> [What to produce] The reply should hold only the lines from the one with "دکتر قاضی- علل درد مزمن لگنی" to the one with "이 식체에 완전 한 치아", both ends kept, exactly as they appear below, without any pictures.

> [Input material]

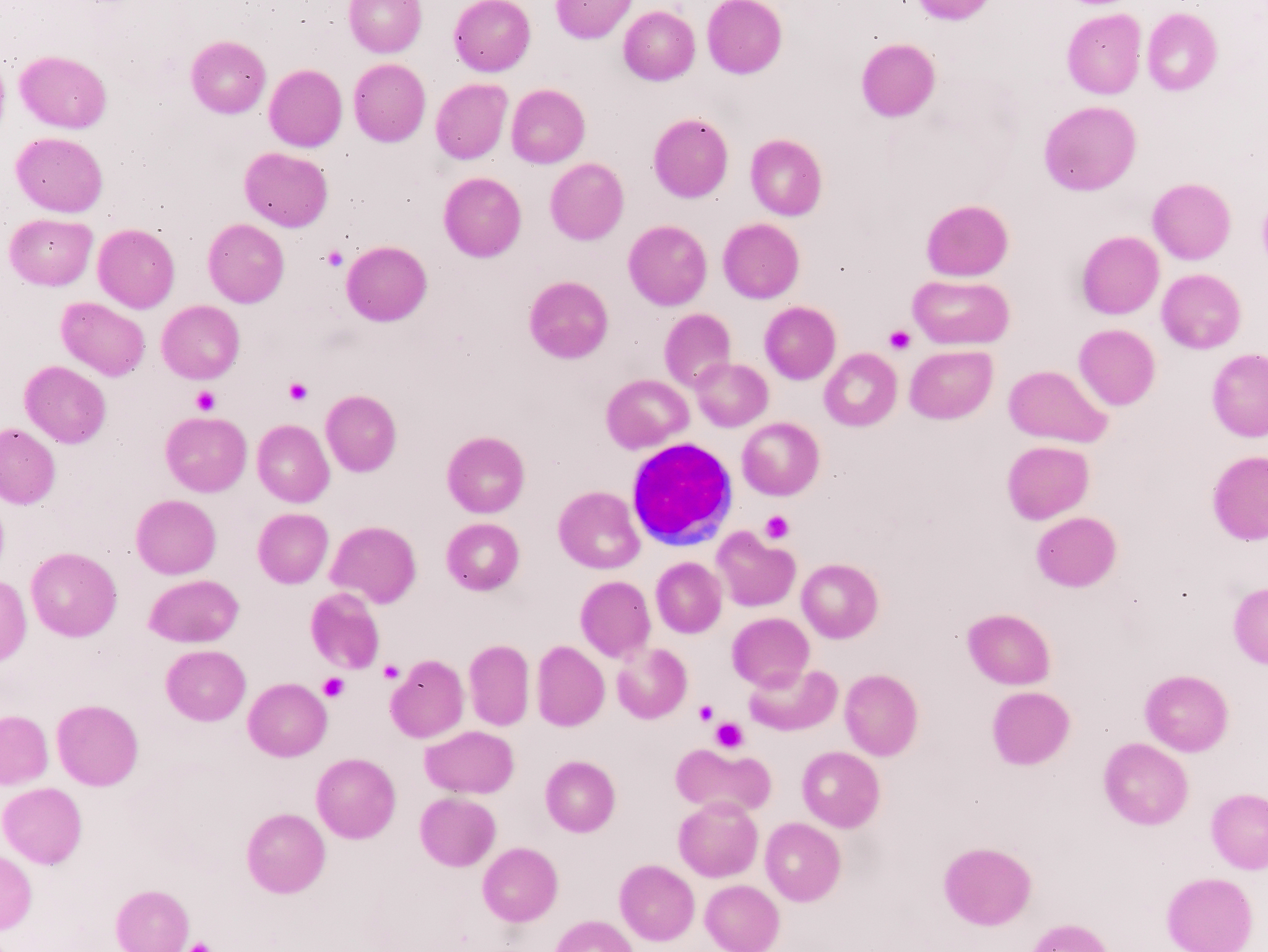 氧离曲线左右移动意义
...
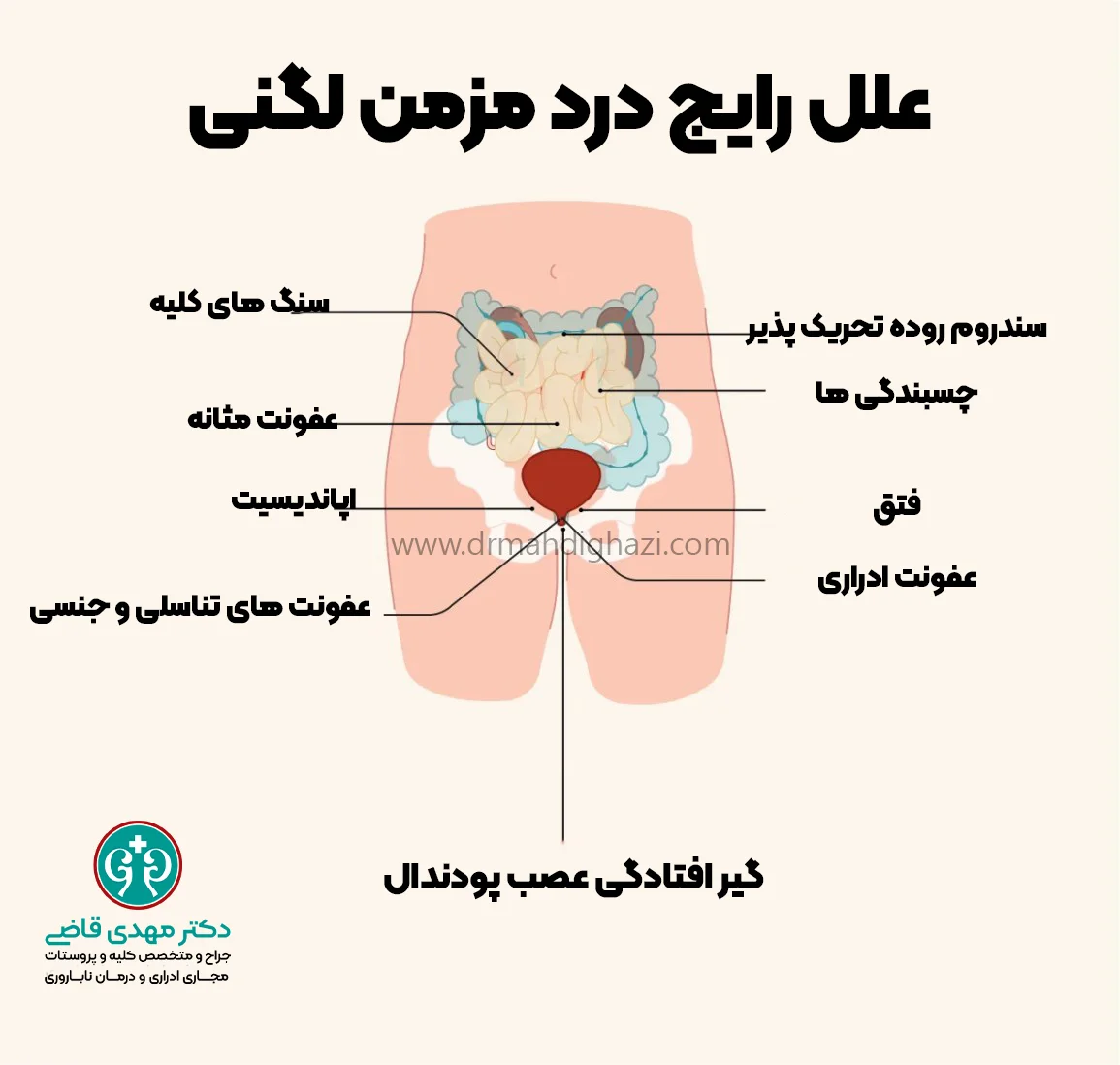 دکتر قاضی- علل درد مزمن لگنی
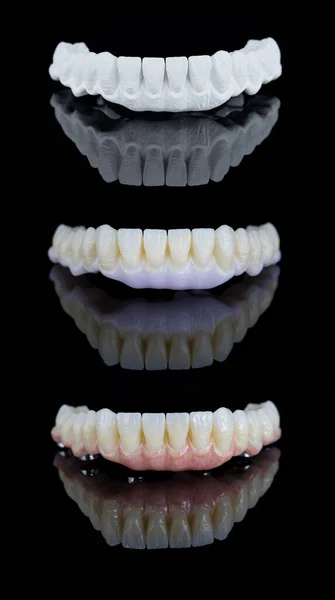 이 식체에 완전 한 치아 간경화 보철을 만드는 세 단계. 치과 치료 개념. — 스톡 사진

> [Your solution]
 دکتر قاضی- علل درد مزمن لگنی
 이 식체에 완전 한 치아 간경화 보철을 만드는 세 단계. 치과 치료 개념. — 스톡 사진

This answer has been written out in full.